The electoral college's nomination of Crämer as a candidate for the vacant professorship in Der Lutheraner at the beginning of August [vol. 6, p. 200, August 6, 1850] hit him and his congregation like a bolt from the blue. Not only had the initial conditions of the settlement been overcome and the congregation well organized, but now the bond between the pastor and a congregation whose purpose and origins had been so peculiar and which, after five years of living together under such peculiar conditions, had become ever more firmly knit, was suddenly to be severed. But there was something else why pastor and congregation could not find a solution to this relationship. These were the differences that were now coming to light between Pastor Löhe and the Missouri Synod regarding the doctrine of Church and Ministry, ordination, church authority and church constitution.[Lochner's emphasis]
Even when this writer [Lochner] had sent Löhe a copy of the draft of a synod constitution that had been drawn up in St. Louis immediately after his return home [~ July 1846], the latter [Löhe], for all his joy at the establishment of a synod union between his missionaries [Sendlinge] and the Saxons, expressed a number of reservations. He believed he saw democratic, independentist principles in the church constitution. He also missed the episcopal element in the provisions on the synod leadership, and the equality of the parish deputies with the pastors at the synods seemed to him to be "democratizing" and "Americanizing". When, however, as a result of this, some of the missionaries had doubts as to whether they could also drop the representation of Löhe's thoughts on church constitution without internal disloyalty by accepting such a constitution and therefore turned to Löhe for advice and instructions, the latter [Löhe] nevertheless wrote to Dr. Sihler on October 12, 1846:
Wilhelm Löhe |
"To overcome the concerns of the Saxon brothers, my thought would require representation, which is currently impossible.

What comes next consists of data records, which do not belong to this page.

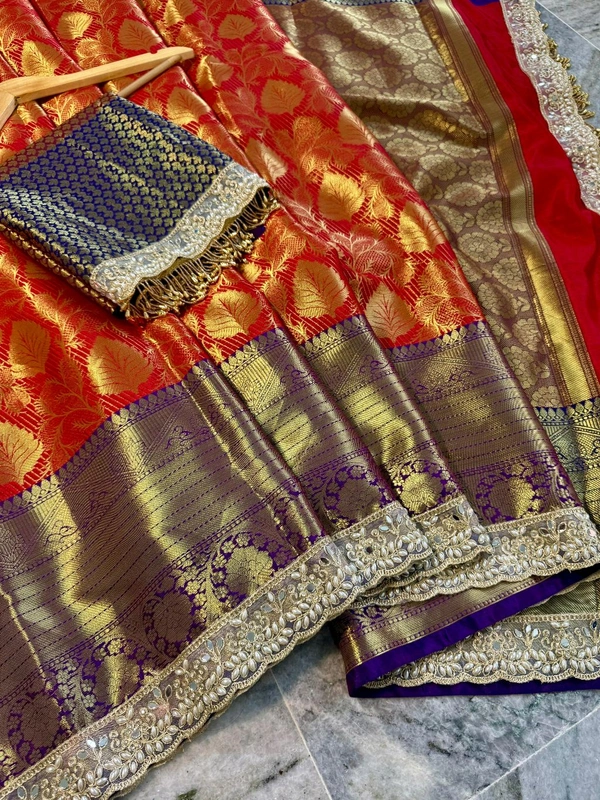 B17055 Maggam Lace border soft Katan Silk Saree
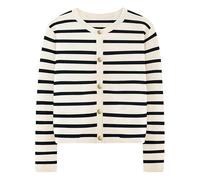 Oyamiki Ladies Open Front Cardigans Casual Striped Crop Jumper Jackets for Autumn Winter Apricot M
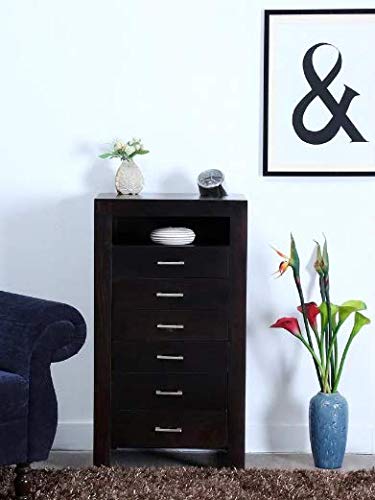 Shilpi Handmade Wooden Smart and Stylish Chest of 6 Drawer Storage Shelf Warm Chestnut Finishing-image-7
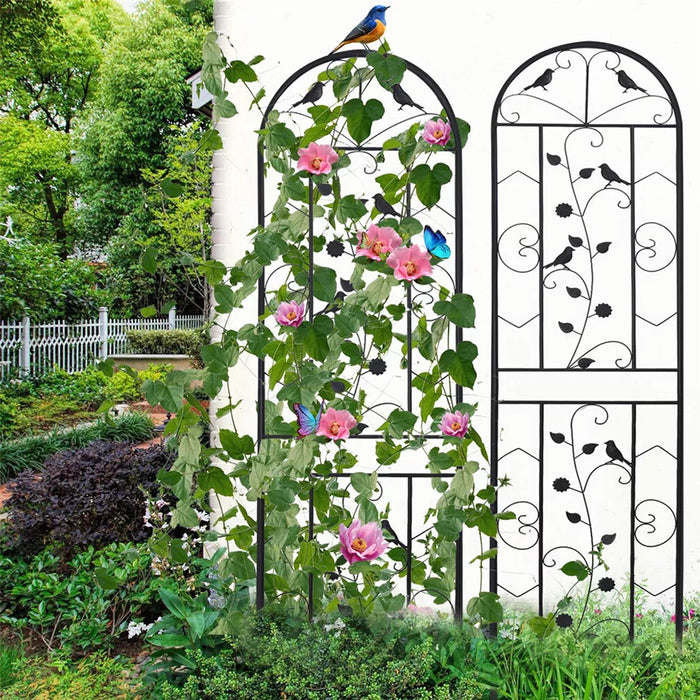 Vibe Geeks 2Pcs Metal Garden Trellis Fence Anti-Rust Climbing Plant Flower Panels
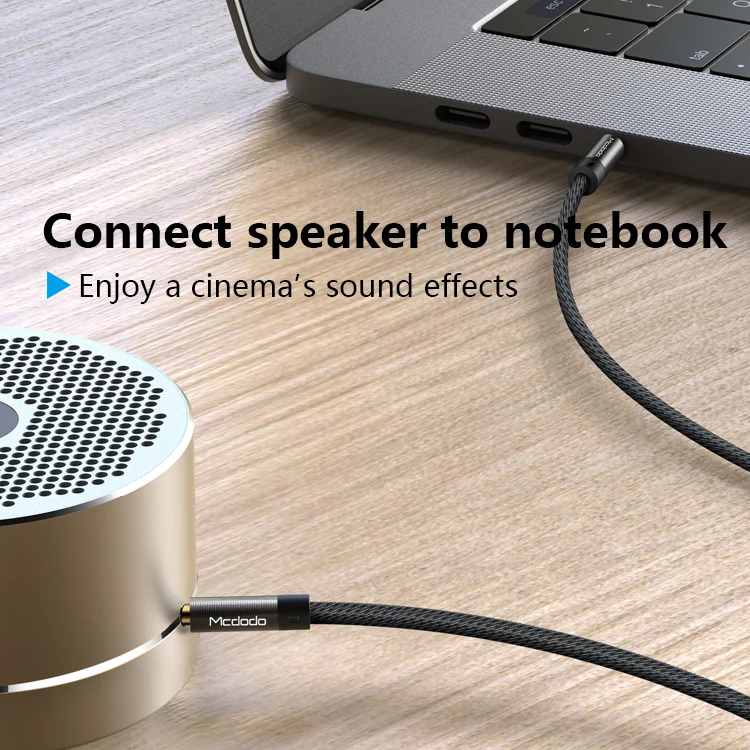 Mcdodo AUX кабель Jack 3.5мм к 3.5мм аудио Aux для Xiaomi Redmi 4x, OnePlus, автомобильных наушников и динамиков, проводная линия.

But I value unity much more than the realization of my dearest thoughts in this matter. I am very serious that unity is the main thing on the basis — not on the basis of all Luther's words (for the Church did not follow him in everything) — but on the basis of the Book of Concord of 1580. Therefore, I also hereby release all my friends who have some reservations about the new synod constitution from any real or believed obligation to assert anything other than what was adopted in the Fort Wayne conference. They may, in my judgment, join the Synod with full peace of mind, and, were I over there, I would also join."
And even though he resisted the interpretation that he had changed his convictions, he concluded: "Unity is to me the most beautiful point in the whole development of the matter; before it is given up, everything else should give way." But when Löhe's Aphorisms on the New Testament Offices and their Relationship to the Congregation appeared in 1849, it became apparent that the difference that had emerged concerning our synod constitution had deeper roots, and our synod realized with dismay that Löhe was following hierarchical principles in the doctrine of the Church, the Office of the Ministry, and the like, and had entered the path of Romanism. [Lochner’s judgment also.]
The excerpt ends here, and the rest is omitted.